I tried the horizontal card cut that Marty suggested. It is a little cooler this morning and the breeze picked up. Notice the dancing flowers and the small wagon wheel. It is sitting in a rocking chair that is why it is moving.


----------



## treefork (Feb 1, 2010)

Congratulations Roger ! Now you're having fun . :bouncy: The videos are looking good with the camera position . Feels awesome ! Doesn't it .


----------



## Wingshooter (Dec 24, 2009)

treefork said:


> Congratulations Roger ! Now you're having fun . :bouncy: The videos are looking good with the camera position . Feels awesome ! Doesn't it .

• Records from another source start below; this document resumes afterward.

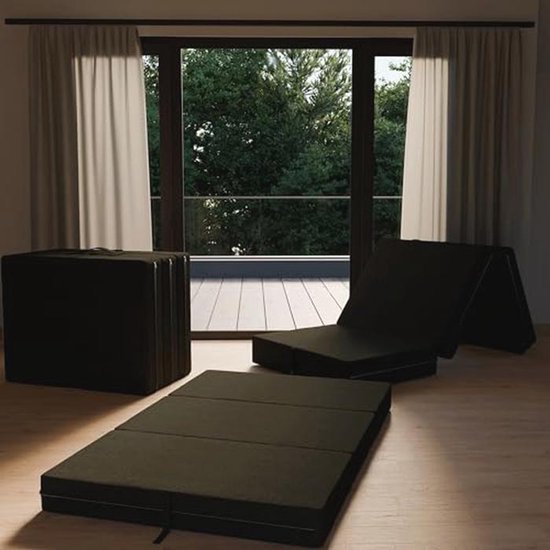 POKAR Opvouwbaar Matras 3-Delig Opvouwbaar Campingmatras Campingbed Opvouwbaar Bed Gastenbed Vloermatras Slaapmatras 80 x 195 x 15 cm, Zwart van Merkloos — afbeelding 2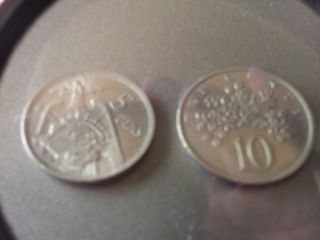 Jamaica 1982 10 Cents,  & 1957 Ptas Spain (58) In Star Coin photo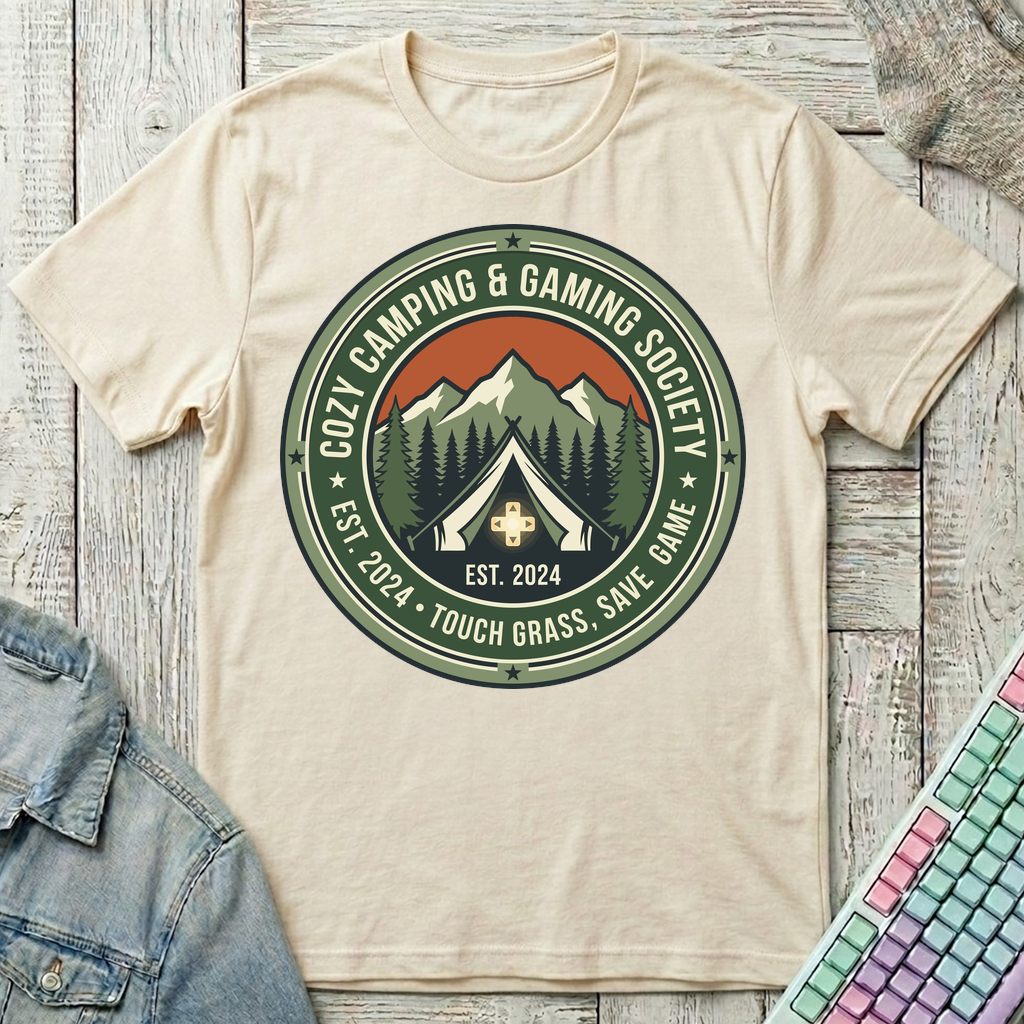 Cozy Camping & Gaming Society T-Shirt - Cozy Camping & Gaming Society_natural
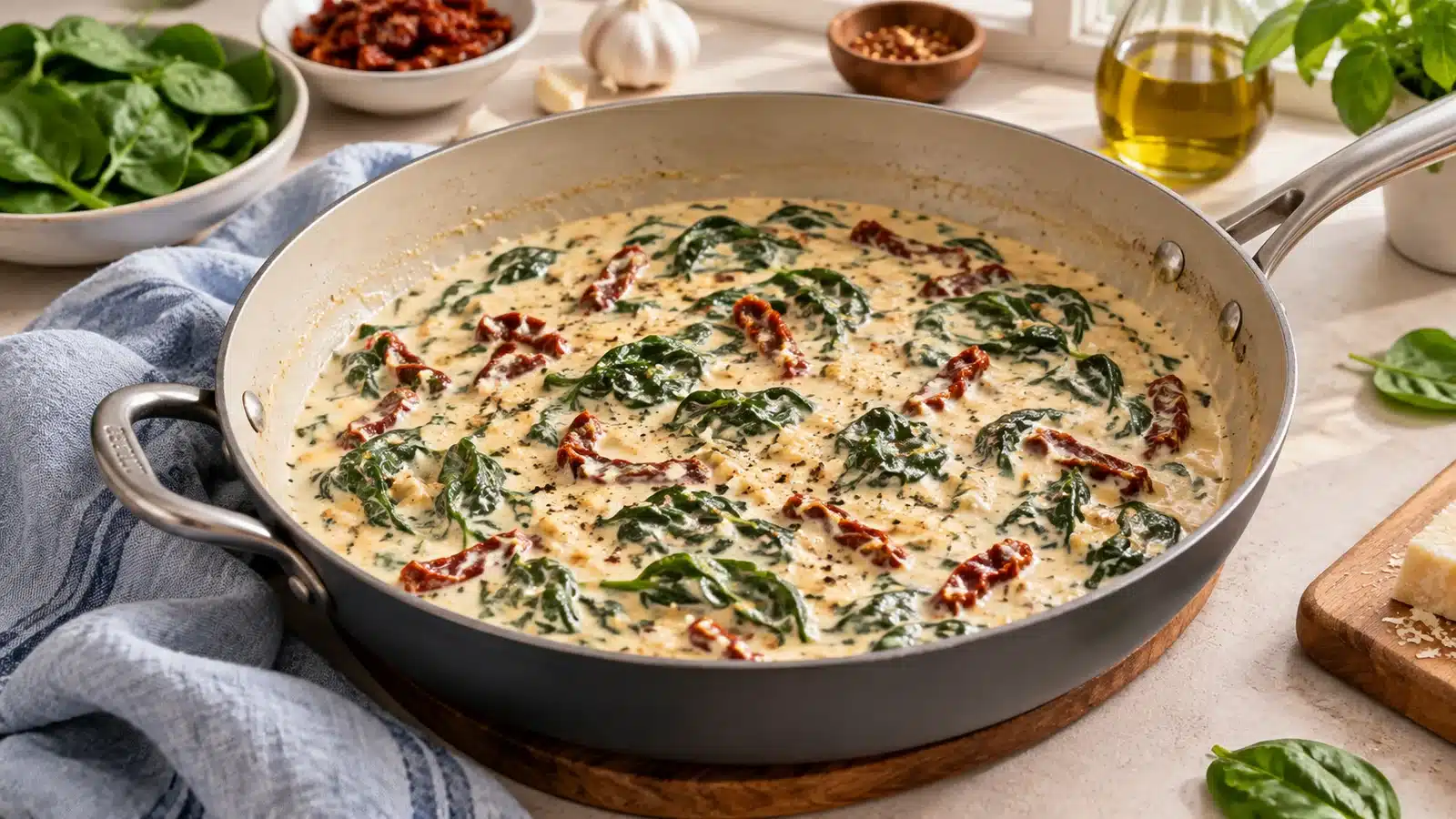 Garlic cream sauce with wilted spinach and sun-dried tomatoes in a skillet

Thanks Marty using the camera like that sure makes it simple. I will have to agree that is a kick.


----------



## treefork (Feb 1, 2010)

Wingshooter said:


> treefork said:
> 
> 
> > Congratulations Roger ! Now you're having fun . :bouncy: The videos are looking good with the camera position . Feels awesome ! Doesn't it .
> ...


There is no stopping you now !!! Try every possible shot ever done .


----------



## Charles (Aug 26, 2010)

Great Zeus, Roger!!!! Once you got up on that pony, you proved you sure know how to ride it!!! That was really great shooting. No more excuses now ... you have the skills to do all of the badge shoots. I am rooting for you!

Cheers .... Charles


----------



## oldmiser (Jan 22, 2014)

that was total awesome shooting my friend...Glad some of you guys can do that...I would not be able too see the card that far...~AKAOldmiser


----------



## Alfred E.M. (Jul 5, 2014)

:bowdown: :bowdown: :bowdown:


----------



## devils son in law (Sep 2, 2014)

Boom!!!! Good shooting, my man!


----------



## Tag (Jun 11, 2014)

Awesome shooting


----------



## Blade (Jun 5, 2014)

Sweet shooting Roger. I hope to be on that level one day.



oldmiser said:


> that was total awesome shooting my friend...Glad some of you guys can do that...I would not be able too see the card that far...~AKAOldmiser


Clear outcha inbox


----------



## Volp (Aug 25, 2014)

Great shooting Roger and super video!!!

Now I need to go out to shoot!! 

Take care

Volp


----------



## Nobodo (Nov 5, 2014)

Excellent shooting, Roger, and great angle for the video!

Do you feel more accurate with the 24-50 or the 12-50, or about the same with either?


----------



## Wingshooter (Dec 24, 2009)

Nobodo said:


> Excellent shooting, Roger, and great angle for the video!
> Do you feel more accurate with the 24-50 or the 12-50, or about the same with either?


For me the 24-50 has the edge maybe it is because I shoot it the most. On the other hand maybe the reson I shoot it the most is that it is the most accurate for me.


----------